李义章:通过工业技术软件化,首先带来的是效率大幅度提升。举个例子,我们在中国商飞做大型客机的总体设计,用原来传统CAD、CAE去做,做一遍大概3周时间,用我们的平台,一到两天就可以完成。其实把人解放出来了,让人可以做更多创新性的工作。


另外,通过这样的系统,还解决了规范性可追溯性的问题。原来工程师要用几十种工具来工作,每种工具就是个“黑盒”,做完了得到的就是结果,中间过程保留不下来。通过我们的平台,设计员的整个设计活动都在这个平台上进行,每一个参数、每一个模型都有来龙去脉,提供了产品研发的证据支持。比如,上海商发(中国航发商用航空发动机有限责任公司)在研制航空发动机时,要求工程师全部工作在索为搭建的平台上完成,因为产品要拿到美国试航,需要研发各阶段的数据支撑。再比如,上海728院(上海核工程研究设计院)也应用了我们的系统。核电装备是安全性要求特别高的产品,中国核电装备现在要出口,客户要求必须要带一套软件系统,研发过程中的各种数据必须要放在软件平台上,对产品的安全性、规范性提供支持。
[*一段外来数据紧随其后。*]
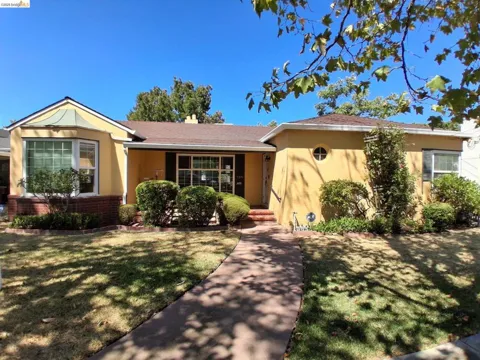 125 Oak Place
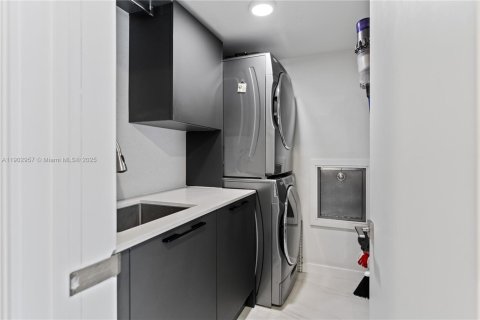 Купить кондоминиум в Майами-Бич, Флорида 3 спальни, 196.49м2, № 1955387 - фото 10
《中国经济周刊》:2月21日,在2017工业互联网峰会上,海尔COSMO平台正式发布。这对互联工厂会带来什么革命性的改变?


李义章:互联工厂已经成为海尔的名片。海尔希望将成功经验与模式复制到中国其他的企业,帮助这些企业进行转型升级。海尔COSMO平台采用的就是工业软件化技术。我们在这方面找到了用武之地。


把海尔的工业实践包含的知识、技术软件化,变成工业APP,通过这样的互联工厂APP去改造其他企业,包括海尔自己的工厂。过去海尔建一个互联工厂投资10亿,花两年时间,现在通过互联工厂APP改造一个工厂可能只需要半年的时间,5000万就可以实现。


除了企业研发、设计、运行,索为还把海尔的供应商、产品和服务、资源模块化,也放在云平台上。企业只要运行这个平台,就可以利用海尔的供应链和资源。打一个形象的比方,有一个厨师做的菜非常好吃,过去要想吃到这个菜,得厨师做,现在把厨师做菜的方法形成APP,你在家里就可以做出好吃的菜。做菜用的原材料、调味品,通过平台可以提供。


我认为与海尔的合作在中国的智能制造领域是非常前沿的探索。这种模式如果能够成功,我们和德国、美国是可以并肩的,甚至赶超他们。


建立知识和技术的流通交易机制,


激活工业技术领域


《中国经济周刊》:过去10年,你在工业技术软件化的实践中,遇到的最大的难点是什么?


李义章:过去10年,索为做的很多探索是比较超前的,花了大量时间、精力是在做科普,很多企业甚至政府领导曾经觉得要先解决工具、软件、设备、硬件的问题。不过现在是个很好的机遇,国家创造了很好的舆论氛围。


第二,工业技术软件化门槛非常高,得懂工业、懂工程,还要懂信息化。跨界其实是很难的,要找到跨界的人才本身就比较难。


第三,中小企业缺人才缺资源缺资金,一开始做起来确实非常难。我们最难的时候,经常是下月的工资不知道从哪儿发。也曾有西门子等公司找到我们要合作,对我们来说,跟这些外企合作,可能更容易一些,生存也没有那么艰难,但是对我们来说,去代表这些国外软件公司的利益,跟我们的理想是冲突的。


《中国经济周刊》:为了让新技术的潜力得到有效、全面释放,搭建合理、完善的制度性框架非常必要。同时,社会在多大程度上接受技术创新,也是决定技术进步的主要因素。推动工业技术软件化,还需要从哪些方面进行努力?


李义章:工业技术软件化,是全行业的事。索为只是其中一家小公司。如何把这件事真正推动起来,我觉得有几件事非常重要:


第一,要建立我们自己的标准,至少先有行业标准,将来有国家标准。


第二,要形成我们自己的工业平台。工业平台应居于战略性位置。索为已有的实践可以发挥很多作用。


第三,工业技术和工业知识的软件化,特点是非常分散,专业性非常强。 按照过去主要靠企业自发去建立,难度很大,无法避免重复建设、重复投入。需要政府牵头,解决一部分共性的东西,需要有总体性的规划。


第四,一定要建立知识和技术的流通交易机制。应当从政策层面,允许工程技术人员把他多年工作所形成的知识和技术,转变成APP,允许流通和交易,允许个人在其中享有一定的收益。只有这样,才能调动科技人员的积极性,把知识和技术这个领域激活。